Członkowie orkiestry czekając na decyzję spędzili tydzień w Paryżu. Dwa dni przed rozpoczęciem koncertów dowiedzieli się, że będą musieli zapłacić 15 tys. euro za awaryjne wizy. Jak przekazał organizator Star Entertainment, jednak wizy “ekspresowe” również nie zostały wydane na czas.
Jak podaje “Guardian”, występy promowane były na stronie rządu Wielkiej Brytanii jako “przykład stosunków brytyjsko-ukraińskich”. W związku z niewydaniem wiz na czas dla członków orkiestry organizator Star Entertainment oskarżył rząd o hipokryzję. – Zrobili wielką sprawę ze wspierania Ukraińców, ale jeśli chodzi o przyznanie im wiz, by zagrali w Wielkiej Brytanii, to nic nie wiedzą – uważa Jaka Bizilj, dyrektor generalny w Star Entertainment.
Bizilj wezwał brytyjską sekretarz kultury Lucy Frazer, by rząd ustąpił w sprawie wiz dla artystów. Jak ocenił, problemy z ich wydawaniem “szkodzą obywatelom Wielkiej Brytanii, kulturze a także relacjom w Europie”.

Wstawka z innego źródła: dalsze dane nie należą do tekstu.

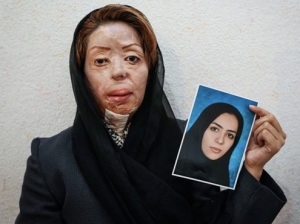 iran, a woman suvival of acid attack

W ocenie Bizilja, problemy z wydaniem wizy spowodowały straty firmy na około 88 tys. funtów. “Guardian” zwrócił uwagę, że nie jest to pierwszy raz, kiedy biurokracja wprowadzona po Brexicie uniemożliwia występy zagranicznych artystów w Wielkiej Brytanii. W ubiegłym tygodniu niemiecki zespół Noise Trigger Cut nie został wpuszczony do kraju, gdy okazało się, że członkowie wykonują również inne prace, które nie są związane z występami.